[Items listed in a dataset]
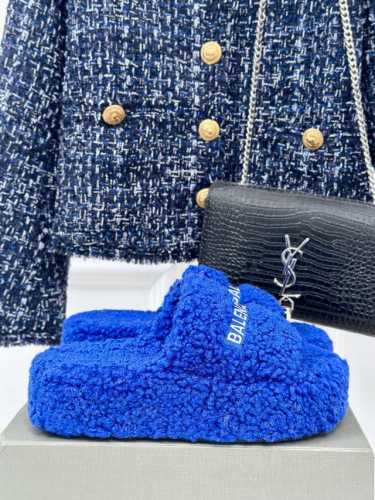 厂价 Balenciaga｜巴黎世家24S新品字母刺绣泰厚底迪毛毛拖鞋 独家正确版本、原版开发、时尚圈内各大网红明星又在拼命种草的款式。火爆整个ins！又是一个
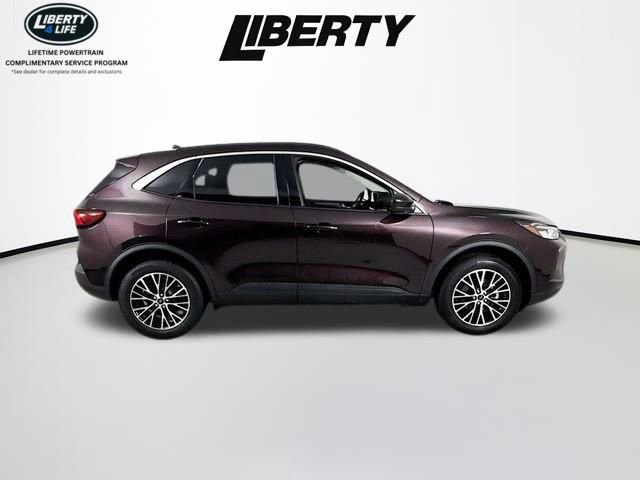 Used 2023 Ford Escape SE image 7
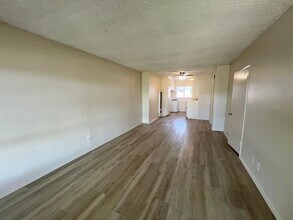12222 Peacock Ct in Garden Grove, CA - Building Photo - Building Photo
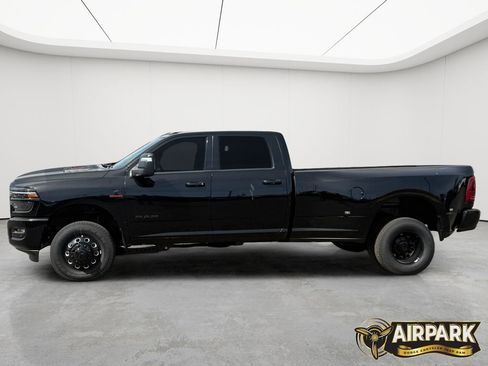 New 2026 RAM 3500 Laramie AWD/4WD image 8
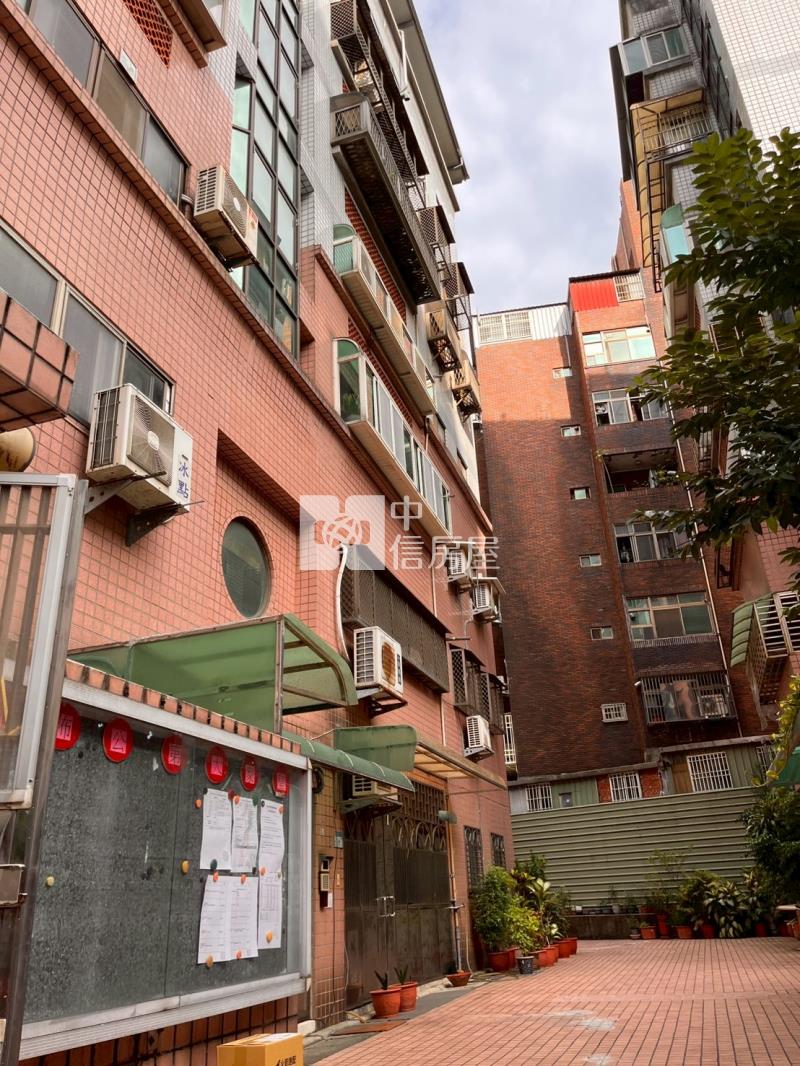 復旦路二段皇家大第7樓華夏3房房屋室內格局與周邊環境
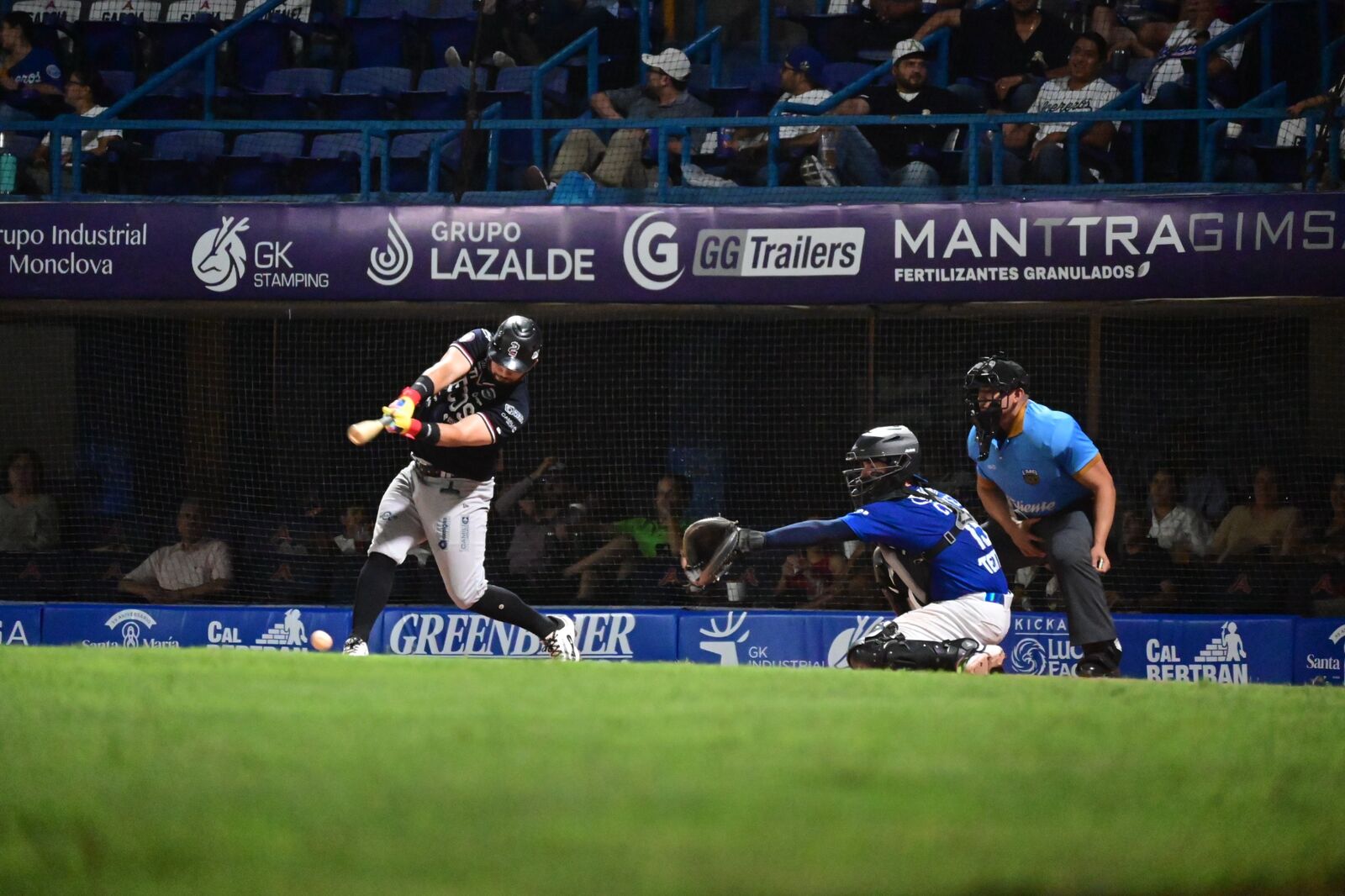 Acereros va Tecos J2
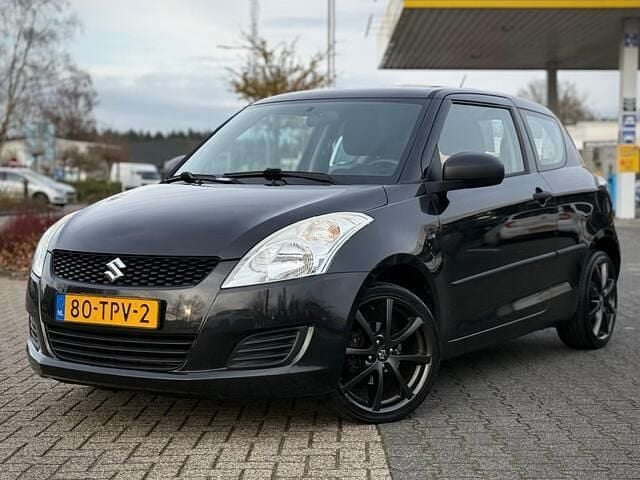 Zwart Gebruikt 2012 Suzuki Swift Comfort Hatchback | € 4.950 (Goede deal) - Afbeelding 1/4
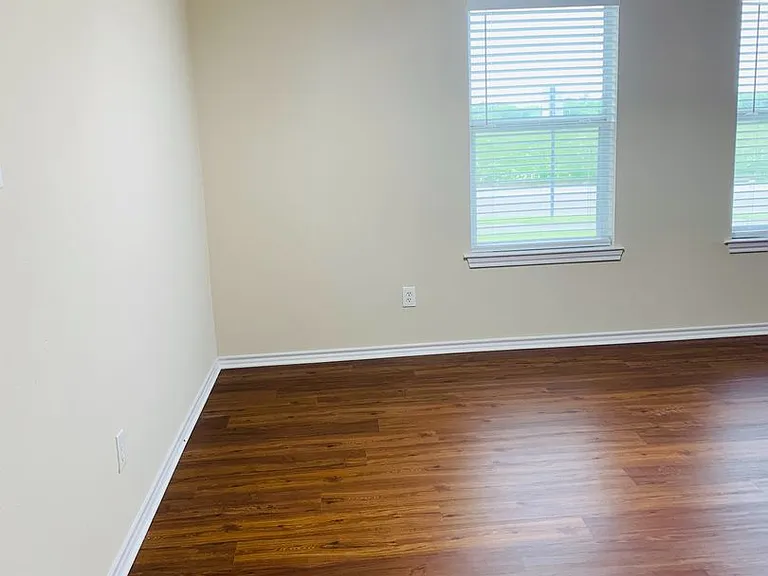 5900 Lovingham Ct — Photo 9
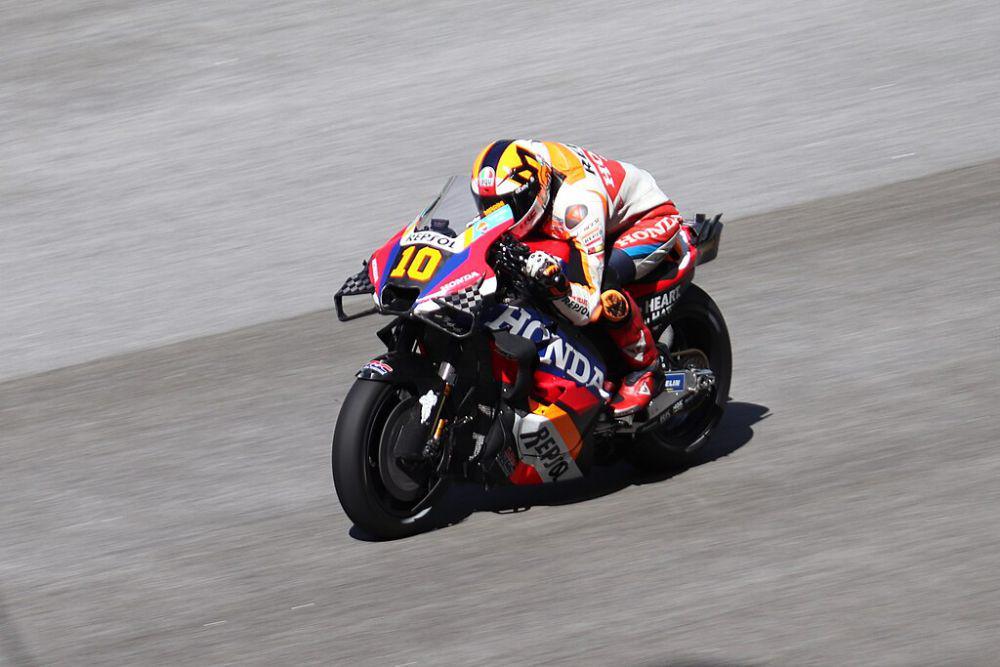 5 Merek Baju Balap yang Dipakai 22 Rider MotoGP 2025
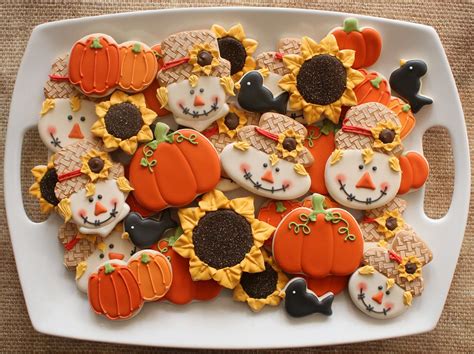 Autumn Cookie Platter | Fall cookies, Thanksgiving cookies, Fall decorated cookies
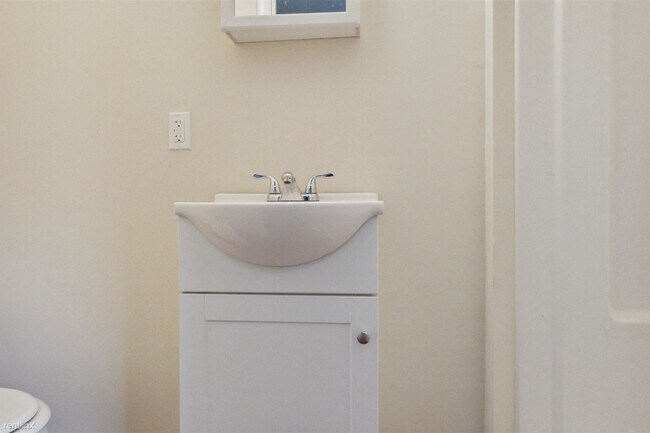 Foto del edificio - 4 br, 4 bath 4plex - 1700 CECIL B MOORE AV...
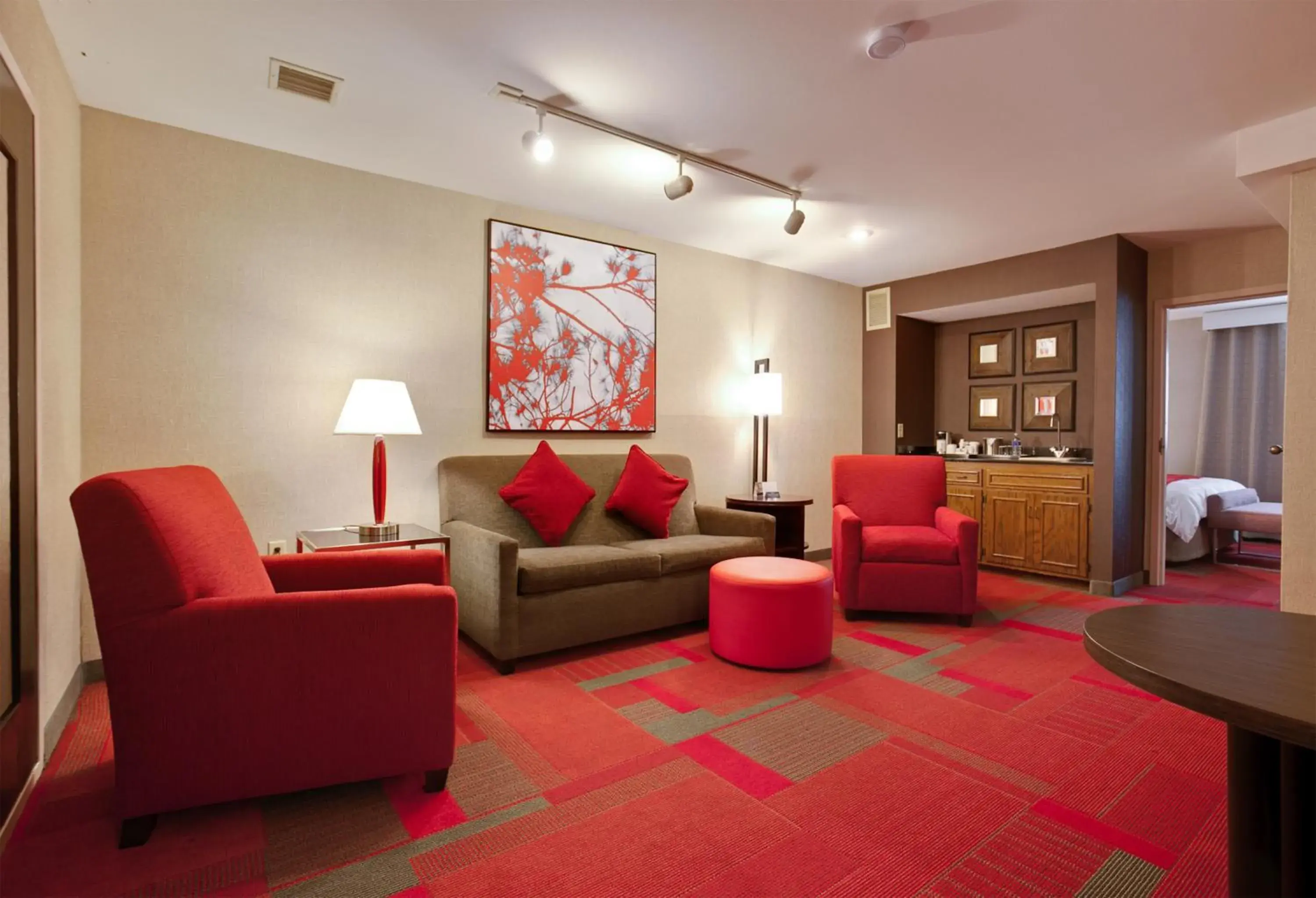 Living room, Seating Area in Radisson Hotel Madison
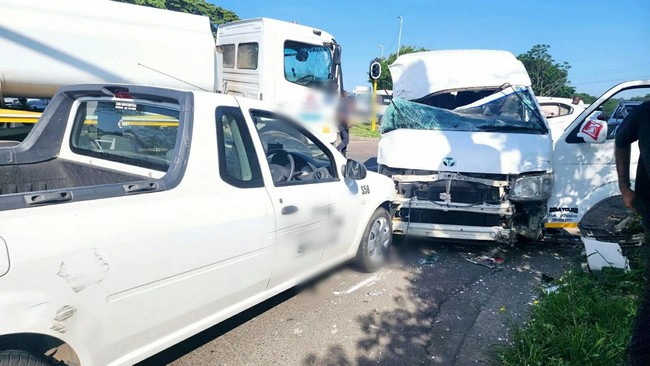 Busy start to the week for KZN emergency teams: Scores injured in multiple-vehicle crashes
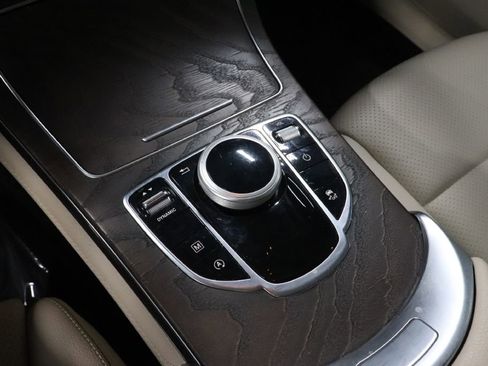Used 2019 Mercedes-Benz GLC 300 4MATIC image 32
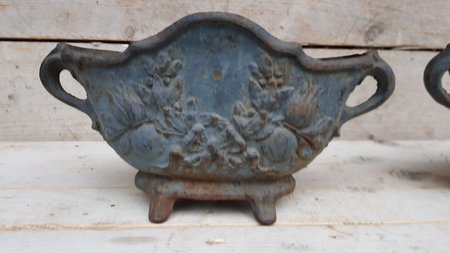 Brocante Franse gietijzeren Jardinière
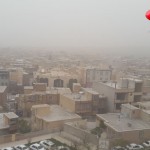 گرد وغبار شدیداز دقایقی پیش بازهم گیلانغرب را فراگرفت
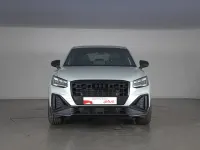 Nuova Audi Q2 2026 Argento cavo metallizzato SUV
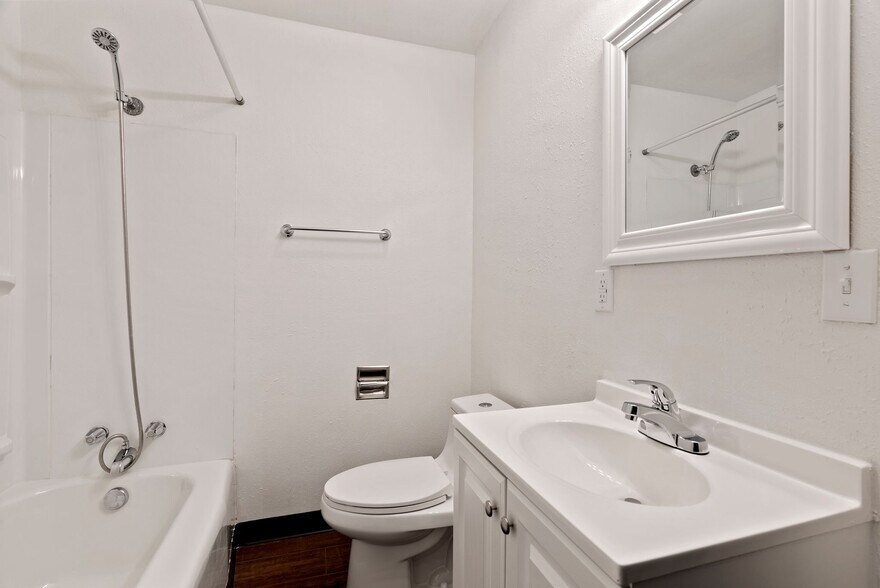 More Photos Of 901 S Lincoln St, Spokane Multifamily For Sale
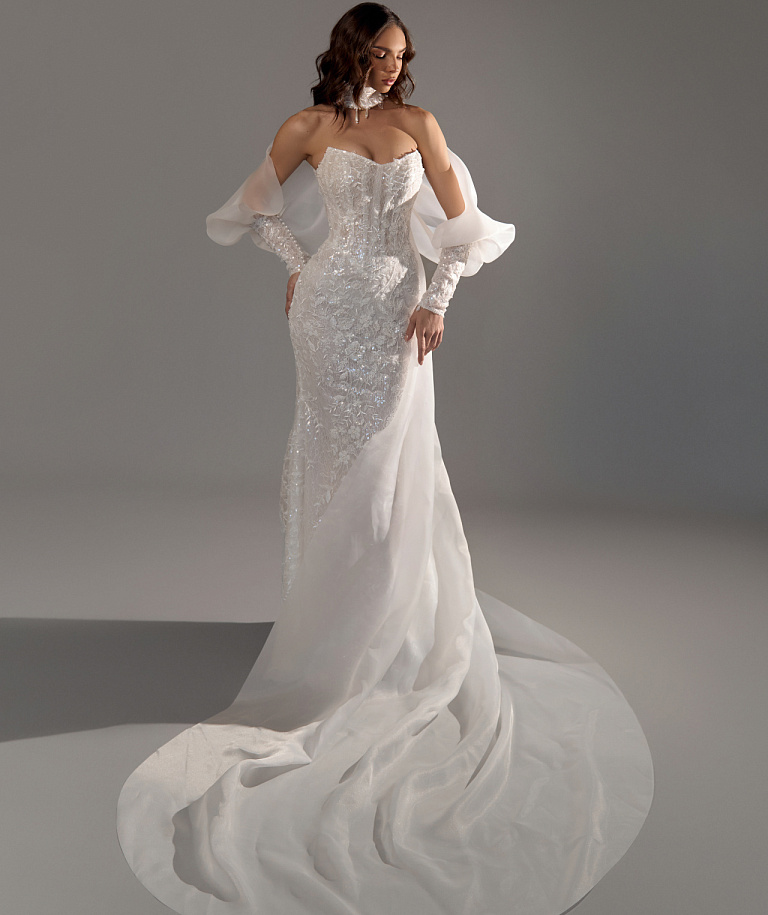 Кружевное свадебное платье с кейпом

EXERCISE GOAL: Starting at the line that contains "Nuova Audi Q2", reproduce exactly and only the lines through the end of the entries above, with the pictures excluded.

FINISHED EXERCISE:
 Nuova Audi Q2 2026 Argento cavo metallizzato SUV
 More Photos Of 901 S Lincoln St, Spokane Multifamily For Sale
 Кружевное свадебное платье с кейпом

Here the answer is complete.